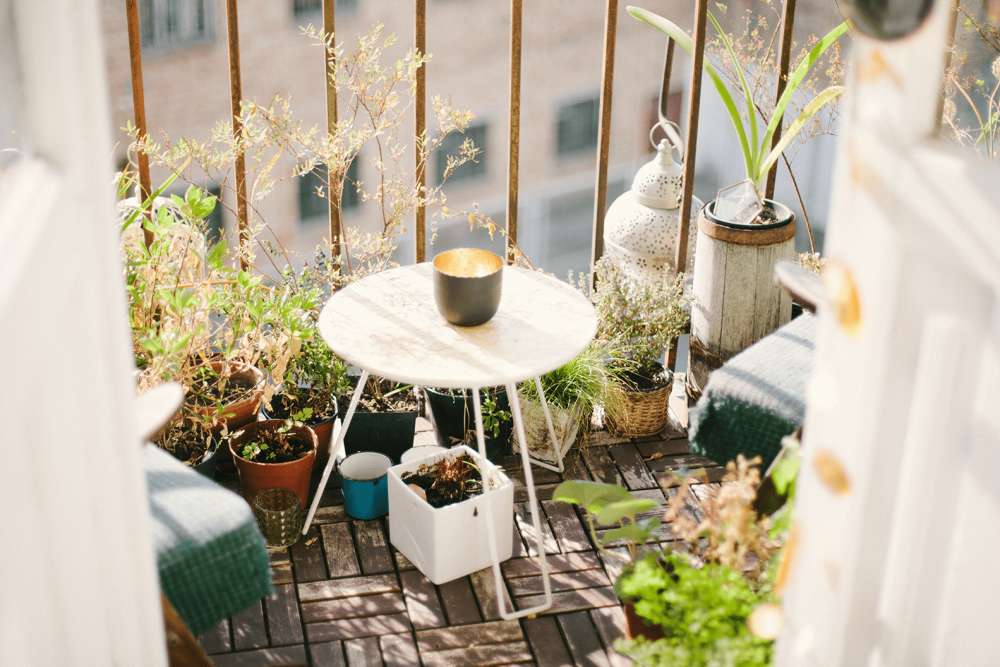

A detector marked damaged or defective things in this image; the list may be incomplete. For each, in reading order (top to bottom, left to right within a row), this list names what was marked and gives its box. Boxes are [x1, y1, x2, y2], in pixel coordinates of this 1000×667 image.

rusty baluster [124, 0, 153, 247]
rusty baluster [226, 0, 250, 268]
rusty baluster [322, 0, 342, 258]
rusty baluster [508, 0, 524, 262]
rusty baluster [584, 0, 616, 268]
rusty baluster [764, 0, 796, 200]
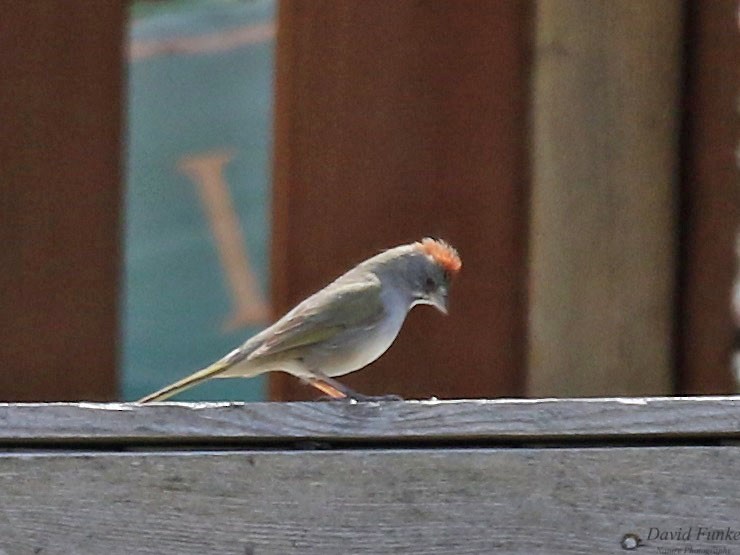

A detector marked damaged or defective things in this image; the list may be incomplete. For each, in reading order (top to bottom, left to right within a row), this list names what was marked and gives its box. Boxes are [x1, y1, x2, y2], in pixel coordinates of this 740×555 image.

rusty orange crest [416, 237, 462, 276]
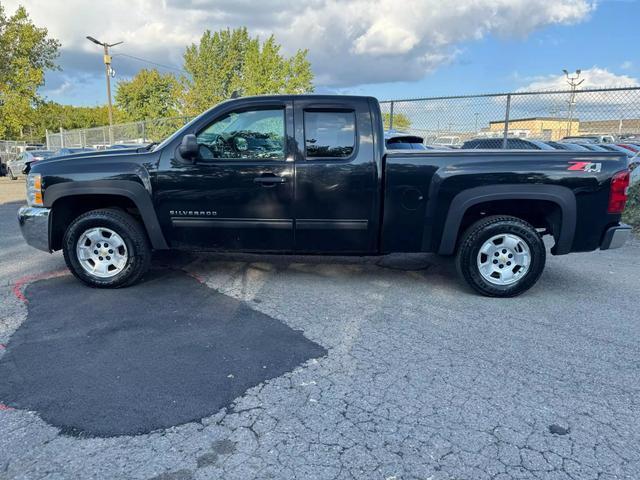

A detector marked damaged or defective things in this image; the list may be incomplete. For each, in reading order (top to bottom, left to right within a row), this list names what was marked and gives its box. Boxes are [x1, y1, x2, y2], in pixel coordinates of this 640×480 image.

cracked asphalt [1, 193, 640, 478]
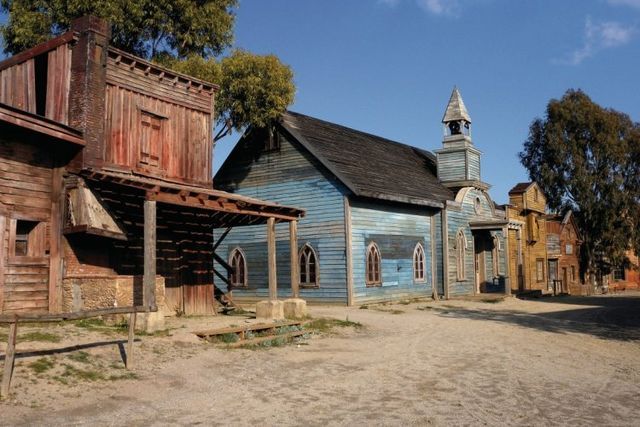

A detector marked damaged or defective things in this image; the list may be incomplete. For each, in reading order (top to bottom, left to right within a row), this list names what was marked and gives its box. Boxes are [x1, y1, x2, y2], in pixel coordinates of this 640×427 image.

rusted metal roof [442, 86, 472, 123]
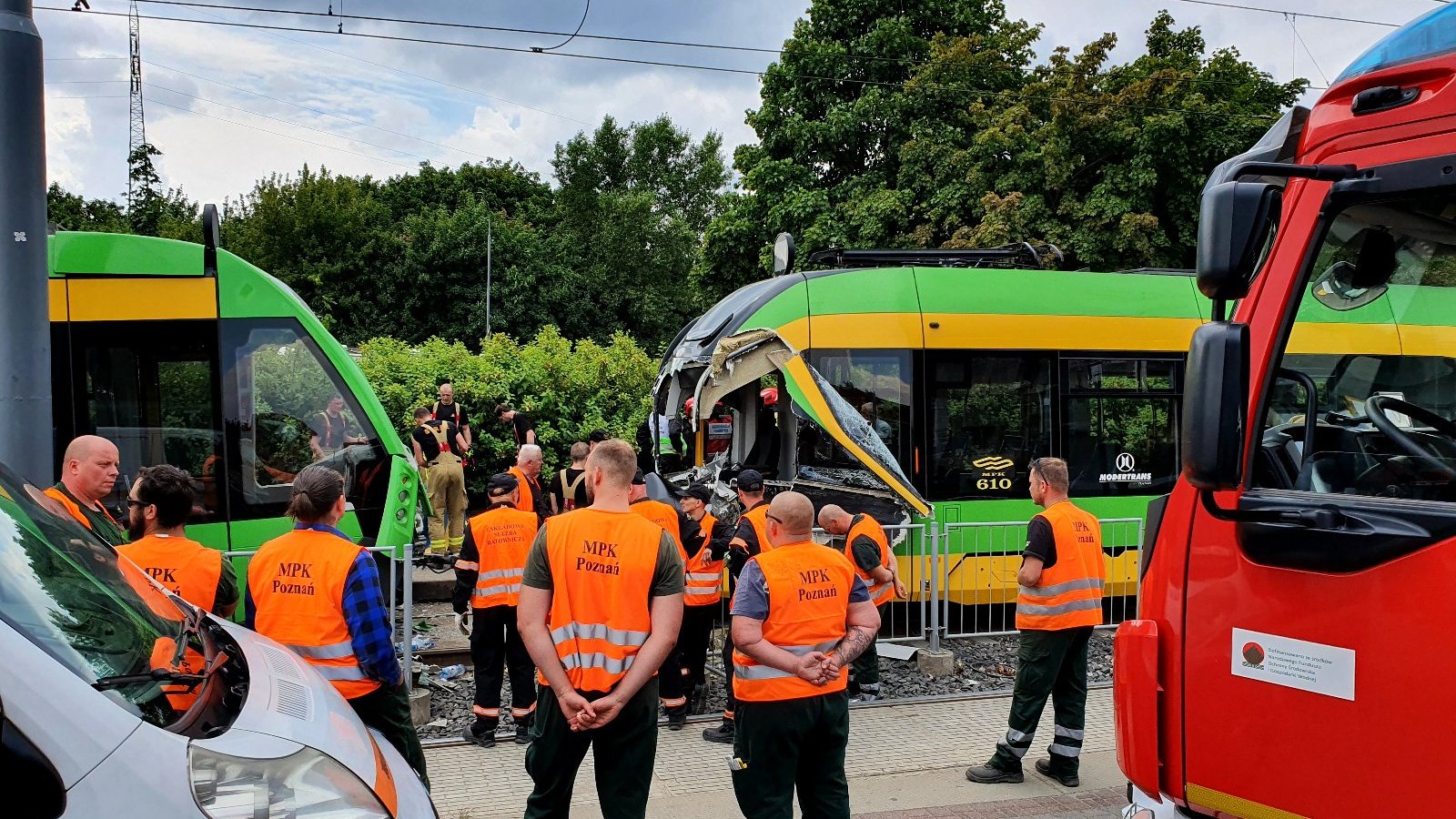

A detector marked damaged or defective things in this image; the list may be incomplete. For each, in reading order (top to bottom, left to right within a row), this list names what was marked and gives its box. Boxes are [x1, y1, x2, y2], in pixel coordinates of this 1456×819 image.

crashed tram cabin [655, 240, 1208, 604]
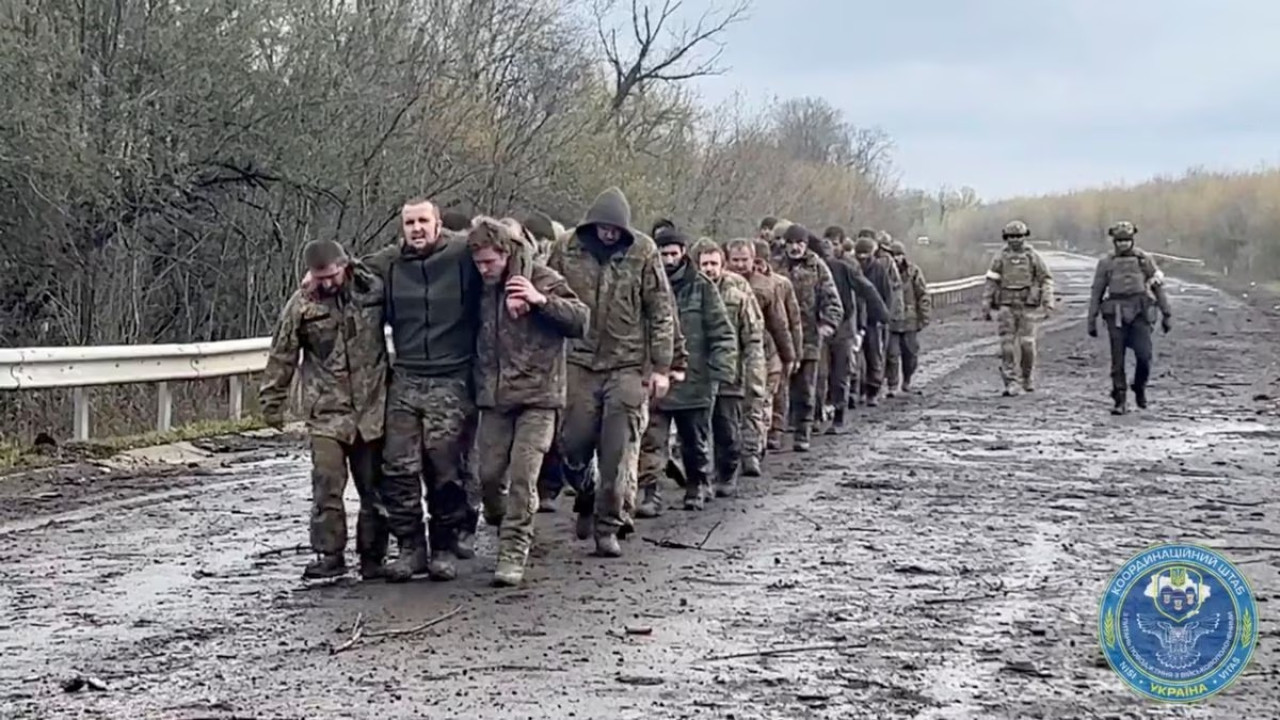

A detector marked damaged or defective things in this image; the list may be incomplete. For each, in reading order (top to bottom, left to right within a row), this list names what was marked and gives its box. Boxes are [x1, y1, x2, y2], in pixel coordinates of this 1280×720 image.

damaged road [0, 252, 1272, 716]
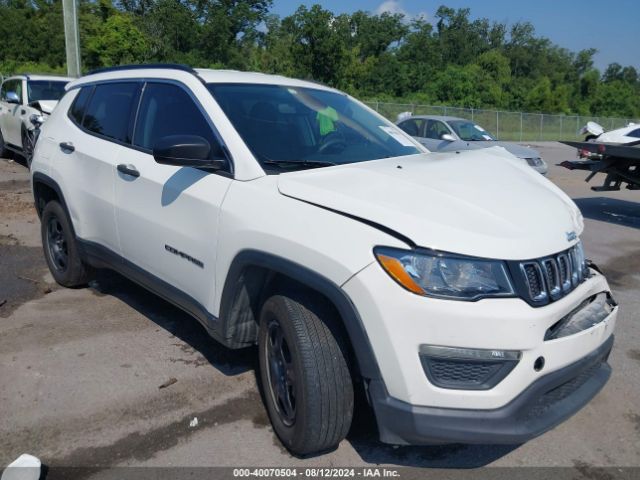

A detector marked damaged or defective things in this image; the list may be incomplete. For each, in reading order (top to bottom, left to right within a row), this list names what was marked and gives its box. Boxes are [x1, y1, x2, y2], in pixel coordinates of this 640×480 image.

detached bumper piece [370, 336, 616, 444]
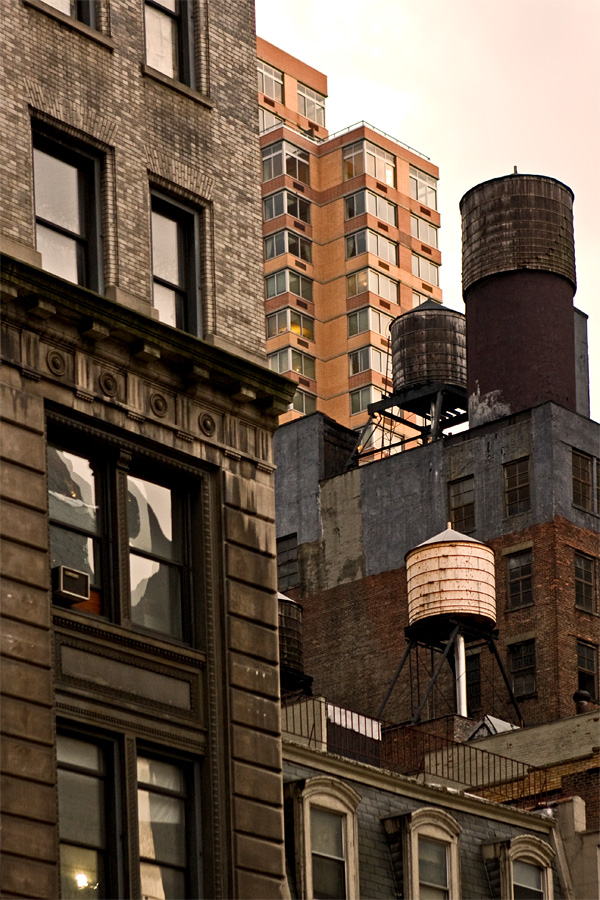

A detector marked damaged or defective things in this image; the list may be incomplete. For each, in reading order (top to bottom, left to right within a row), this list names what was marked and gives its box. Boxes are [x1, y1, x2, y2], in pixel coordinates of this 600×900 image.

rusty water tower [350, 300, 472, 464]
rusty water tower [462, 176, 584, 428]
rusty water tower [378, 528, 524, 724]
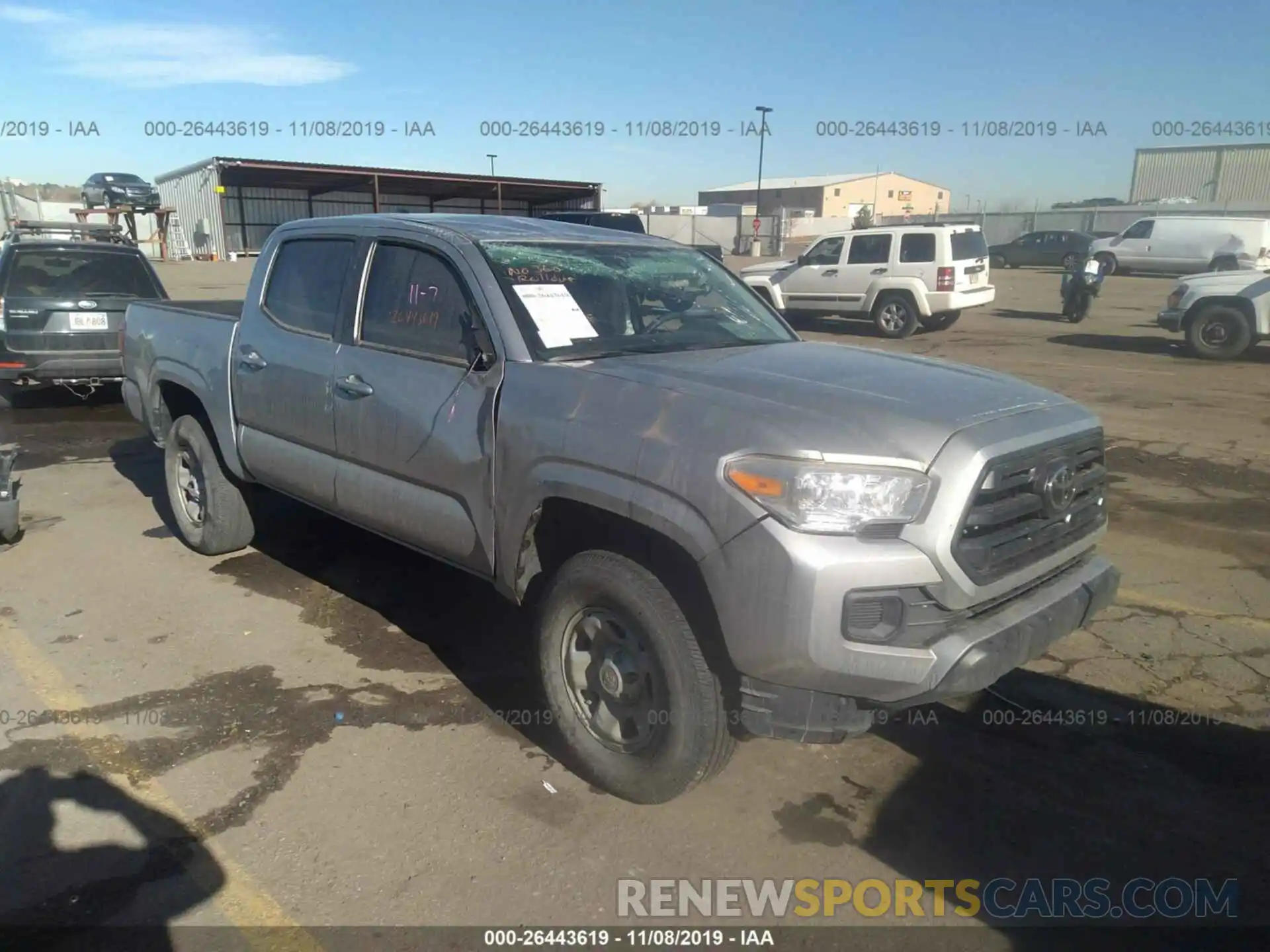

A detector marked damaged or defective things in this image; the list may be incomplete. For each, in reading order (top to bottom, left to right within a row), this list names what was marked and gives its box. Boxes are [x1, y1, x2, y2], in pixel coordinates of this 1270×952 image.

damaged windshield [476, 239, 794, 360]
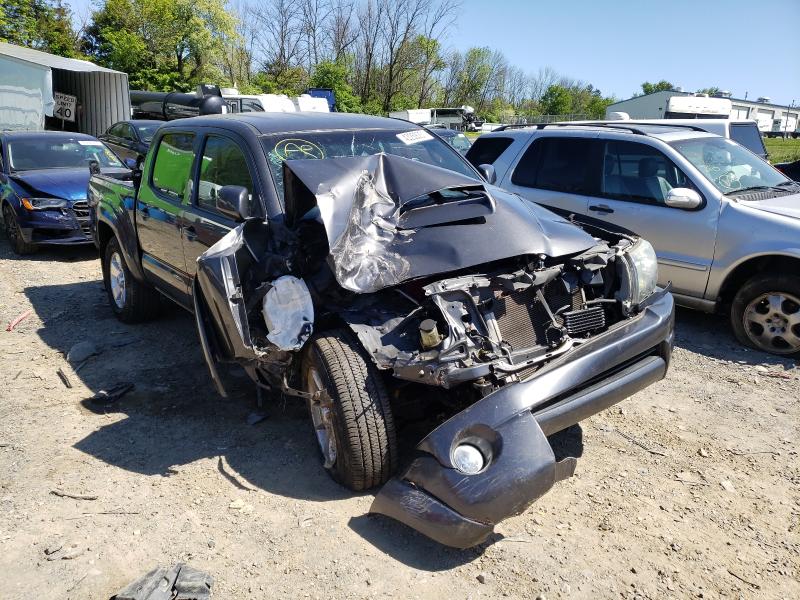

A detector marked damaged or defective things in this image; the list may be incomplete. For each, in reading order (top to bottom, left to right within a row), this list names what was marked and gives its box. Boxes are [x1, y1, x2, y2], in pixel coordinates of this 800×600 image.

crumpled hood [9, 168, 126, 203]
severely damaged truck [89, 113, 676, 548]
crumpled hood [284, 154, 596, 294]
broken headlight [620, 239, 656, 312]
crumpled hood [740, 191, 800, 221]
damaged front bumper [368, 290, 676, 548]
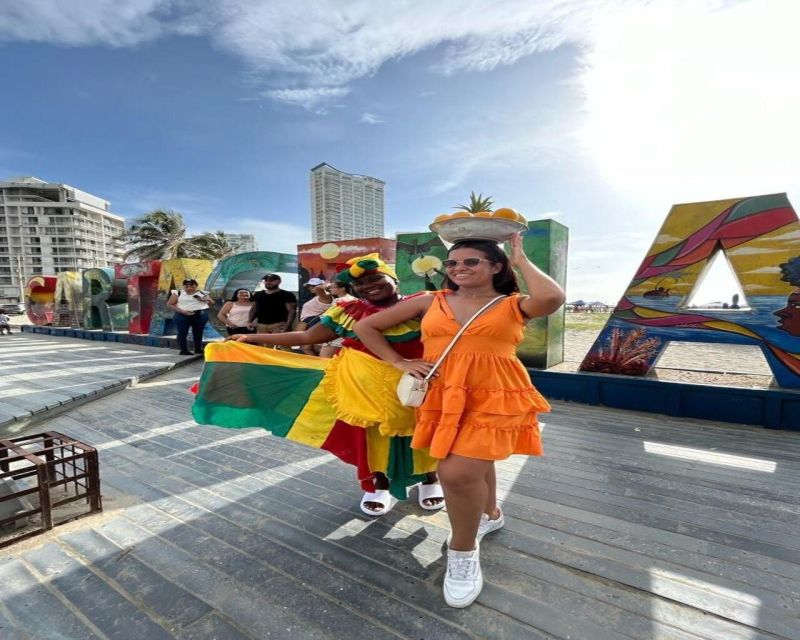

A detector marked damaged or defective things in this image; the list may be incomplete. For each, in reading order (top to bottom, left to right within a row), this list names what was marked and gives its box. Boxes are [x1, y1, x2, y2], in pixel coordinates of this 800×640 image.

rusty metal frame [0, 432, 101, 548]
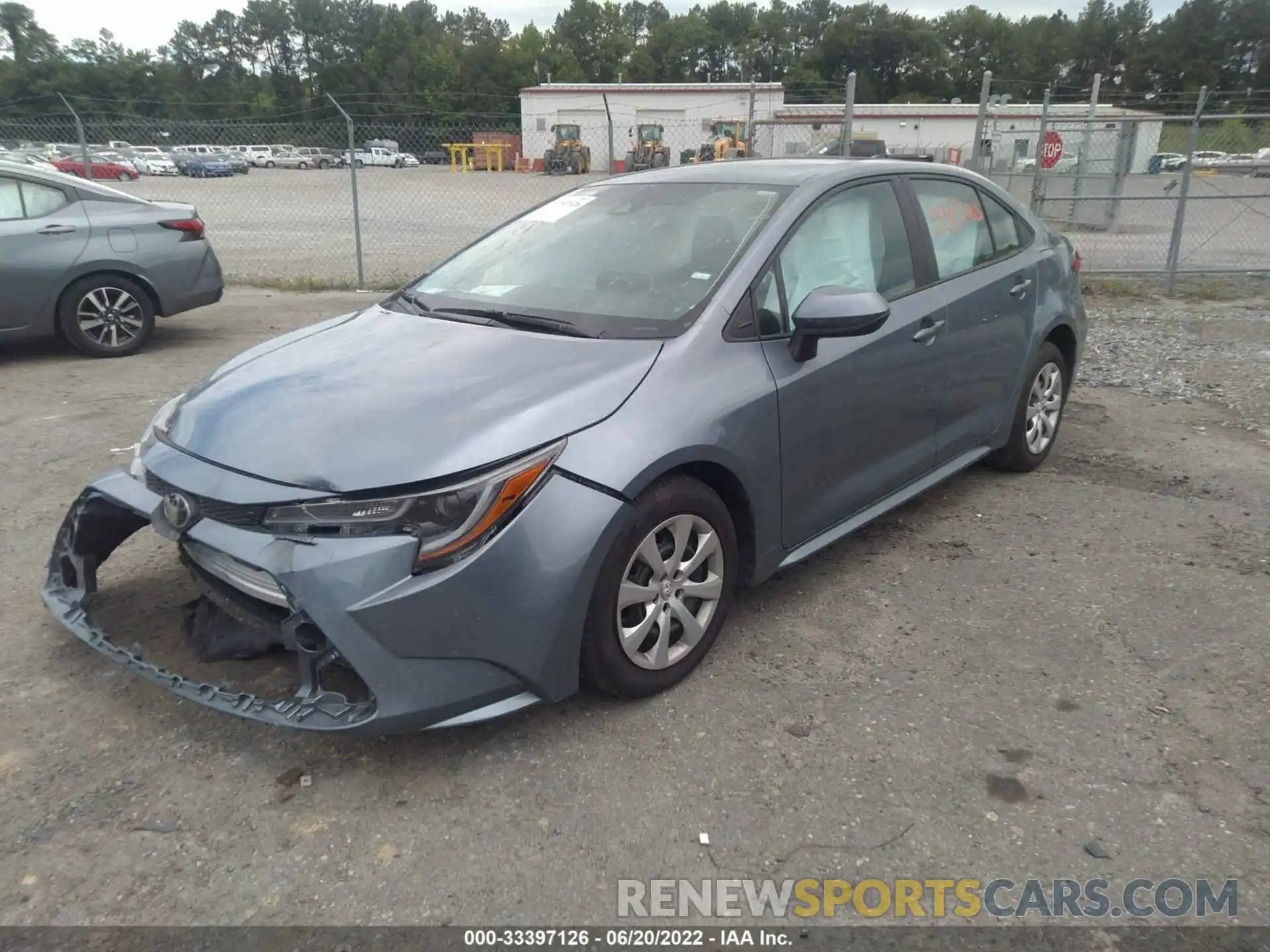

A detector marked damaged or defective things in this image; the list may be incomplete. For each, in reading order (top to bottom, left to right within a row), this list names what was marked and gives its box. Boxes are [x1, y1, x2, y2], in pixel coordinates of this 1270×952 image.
★ ★ ★ ★
## Your instructions
The copy must start at the line containing "this 800×600 image." and stop at the last line of the listing, both included, with every line exact and no pictures.

## Expected answer
A detector marked damaged or defective things in this image; the list may be incomplete. For each, in reading order (top to bottom, left to right within a row), this list names what was marked and gives its box. Boxes are [x1, y1, x2, y2], in pixel coordinates of this 800×600 image.

crumpled hood [9, 168, 126, 203]
severely damaged truck [89, 113, 676, 548]
crumpled hood [284, 154, 596, 294]
broken headlight [620, 239, 656, 312]
crumpled hood [740, 191, 800, 221]
damaged front bumper [368, 290, 676, 548]

A detector marked damaged or defective things in this image; the list may be incomplete. For each, in reading order (top to bottom, left to right within a row), this list names what was marked and gives its box. Boxes are [x1, y1, x2, y2], in pixel coordinates of this 800×640 image.

rusty metal frame [0, 432, 101, 548]

A detector marked damaged or defective things in this image; the list may be incomplete. For each, in reading order (top to bottom, left to right within a row), this list names what was marked and gives its box. Boxes are [x1, y1, x2, y2], in pixel coordinates of this 1270×952 image.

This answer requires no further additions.